Farming not the answer
The programme presents the option of farming as an alternative to catching wild fish from the seas. But on a visit to a salmon farm in Scotland, it reveals the problems of breeding in captivity such as illness, lice, and waste production.
It says that each salmon farm produces as much organic waste as 20,000 people and that the Scottish salmon industry produces organic waste equivalent to the entire population of Scotland each year. It also claims that as a result of shrimp and prawn farming, 38 per cent of the world’s mangrove forests have been destroyed.
Slavery at sea is a massive problem
George Monbiot makes the comparison to “blood diamonds” when talking about the human impact of fisheries on the labour market, saying that slavery is still used on boats.
The documentary makes a comparison between the number of American soldiers that died during five years of the Iraq War - 4,500 - to the reported 360,000 deaths of fish workers during the same period. Captain Hammarstedt from Sea Shepherd says: “[It is] the same criminal groups behind drug trafficking and human trafficking.”
Former fishermen are interviewed at a safehouse in Thailand and claim that they were kept on boats for years - one says he was at sea for a decade - living in squalid conditions, facing death threats and being held at gunpoint.

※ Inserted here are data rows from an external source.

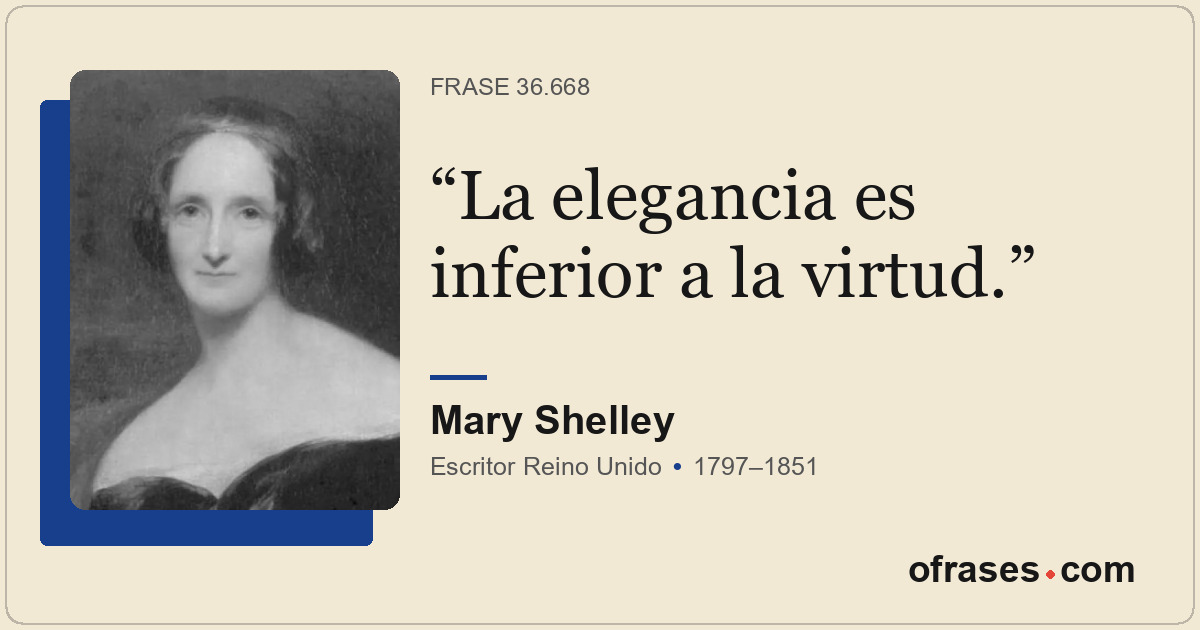 La elegancia es inferior a la virtud.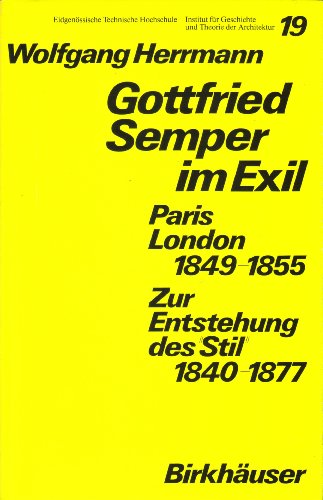 Gottfried Semper im Exil: Paris, London, 1849 - 1855. Zur Entstehung des "Stil", 1840 - 1877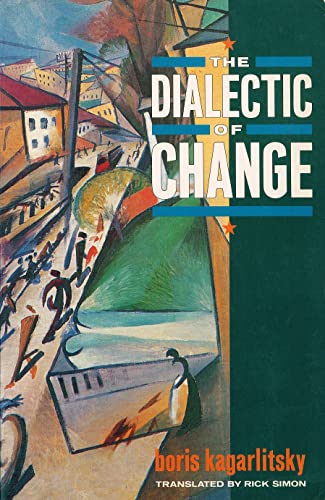Stock image for The Dialectic of Change for sale by WorldofBooks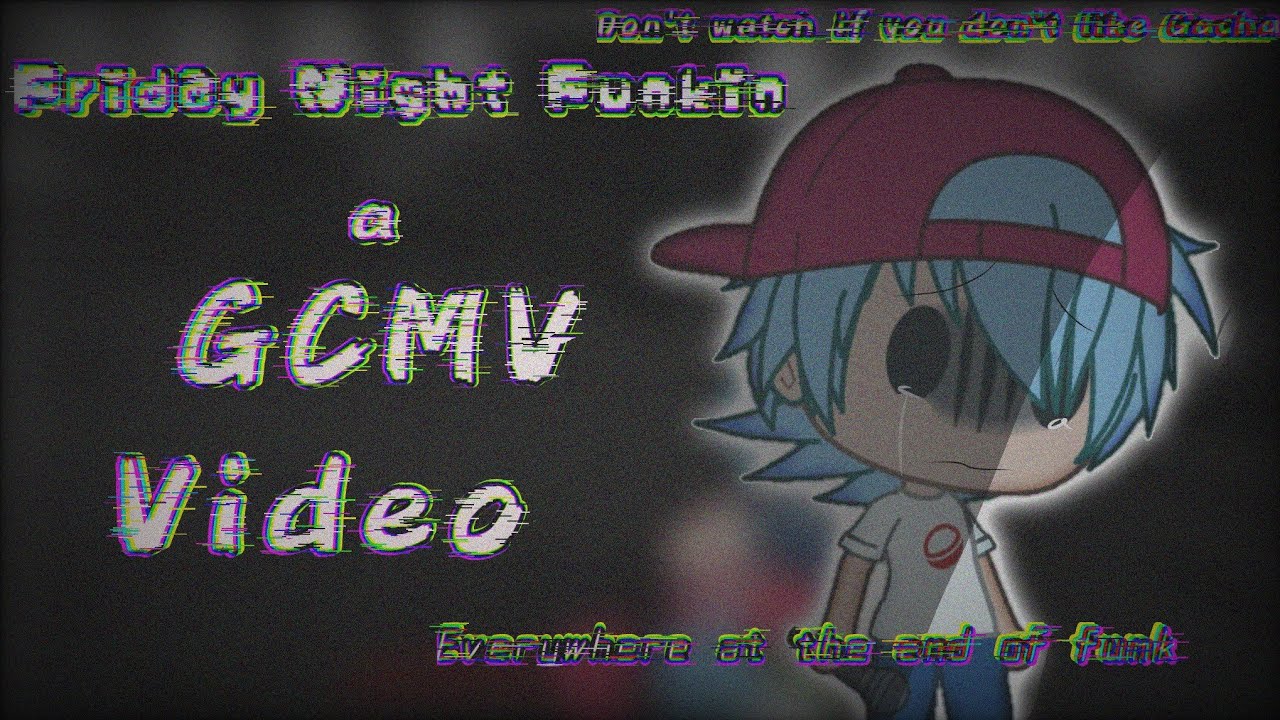 Everywhere at the end of funk||FNF||GCMV||(a little bit of a Cringe)||Enjoy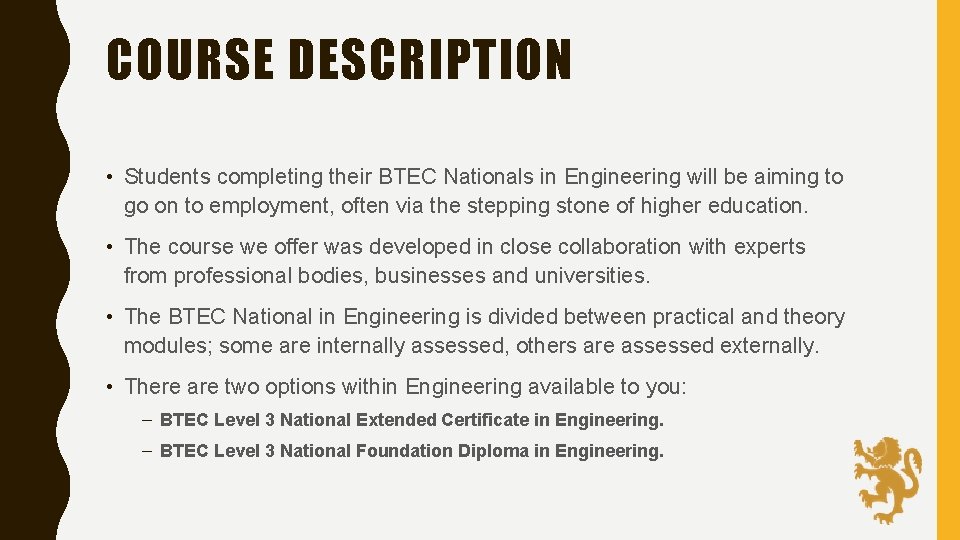 COURSE DESCRIPTION • Students completing their BTEC Nationals in Engineering will be aiming to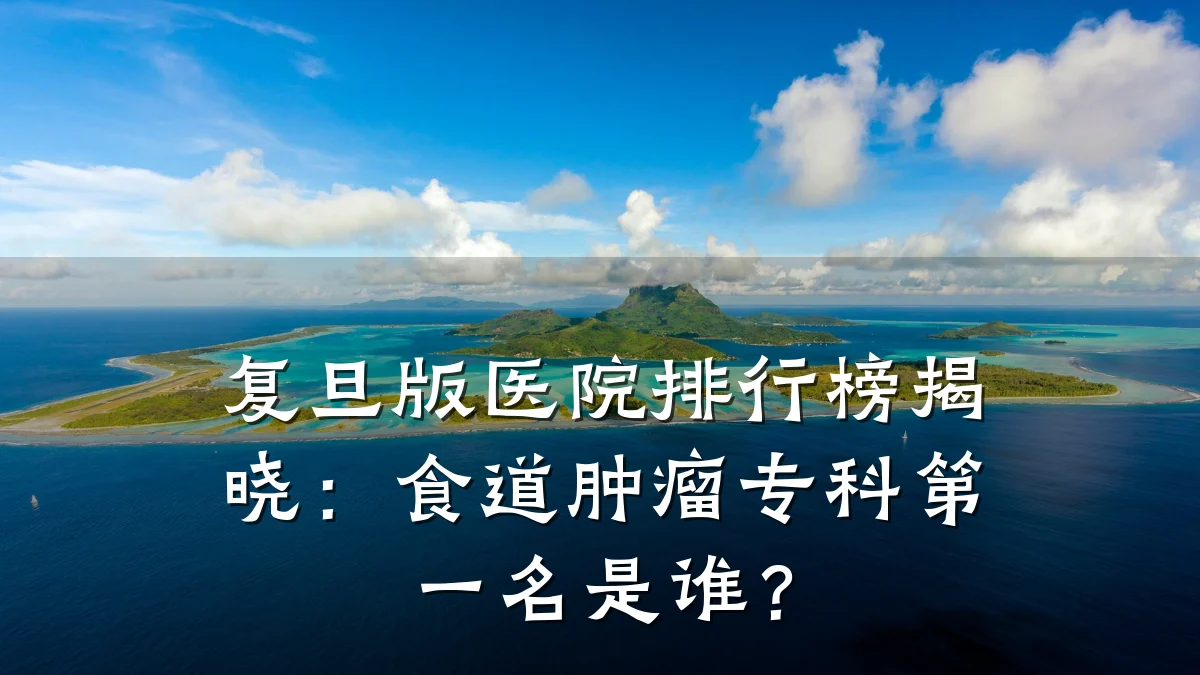 复旦版医院排行榜揭晓:食道肿瘤专科第一名是谁?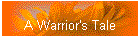 A Warrior's Tale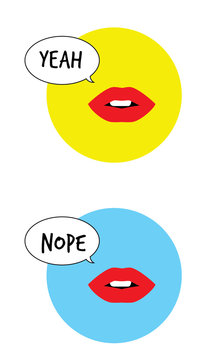 Lips saying in bubble Yeah, Nope. Vector illustration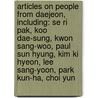 Articles On People From Daejeon, Including: Se Ri Pak, Koo Dae-Sung, Kwon Sang-Woo, Paul Sun Hyung, Kim Ki Hyeon, Lee Sang-Yoon, Park Kun-Ha, Choi Yun by Hephaestus Books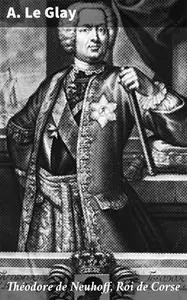 «Théodore de Neuhoff, Roi de Corse» by A. Le Glay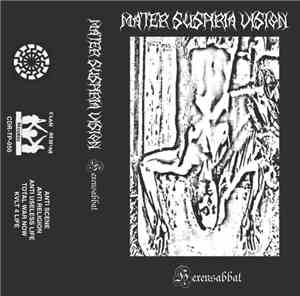 Mater Suspiria Vision - Hexensabbat
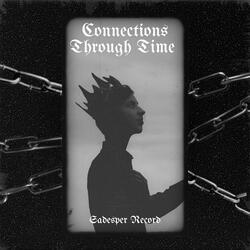 Connections Through Time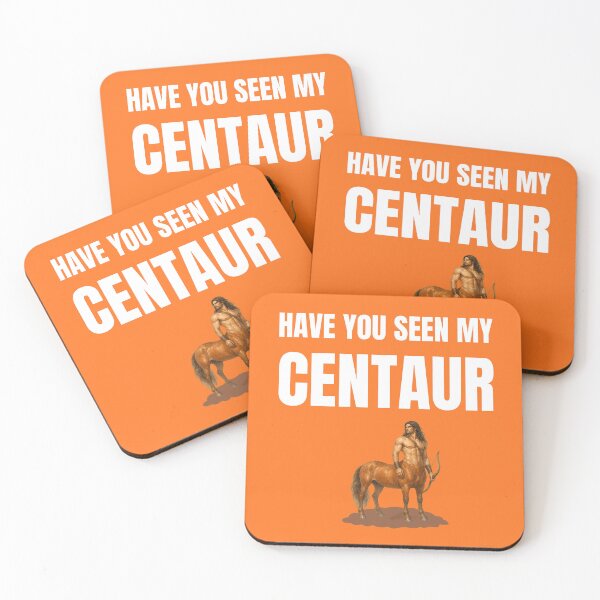 Item preview, Have you seen my Centaur designed and sold by fev-rocks.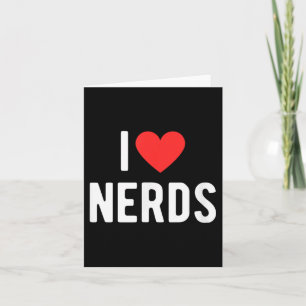 Ich liebe Nerds Lustiges Geeky Grafik Herz Nerd  Karte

One claimed the ship’s captain kept dead bodies of other sailors in the freezer on board.
As well as human misery in the form of slavery - the documentary also makes the connection between the destruction of local fishing communities and people in poor communities being driven to subsistence on the land, eating more bush meat and land mammals, where fish is in short supply. The documentary makes the link between this increase and the outbreak of Ebola in west Africa.
The best thing you can do is stop eating fish
Although the documentary does explore different options - such as eating more sustainable fish or only fish from farms rather than from the wild - it concludes that the “best thing to do for marine ecosystems is not eat fish” at all. It also says that there should be established “no take zones” for fishing around the world in order to preserve underwater habitats.
It says that long-held beliefs that fish do not feel pain or are not intelligent enough to be fearful is unfounded, and that other reasons to avoid fish include the heavy contamination of industrial pollutants - including mercury, heavy metals and dioxins.
As far as Seaspiracy is concerned, fish should be off the menu altogether.
But MSC says: “Sustainable fishing does exist and helps protect our oceans…One of the amazing things about our oceans is that fish stocks can recover and replenish if they are managed carefully for the long-term.
“While we disagree with much of what the Seaspiracy documentary-makers say, one thing we do agree with is that there is a crisis of overfishing in our oceans. However, millions around the world rely on seafood for their protein needs. With the global population set to reach 10 billion by 2050, the need to harness our natural resources more responsibly is more urgent than ever. Sustainable fishing has a vital role to play in securing those resources.”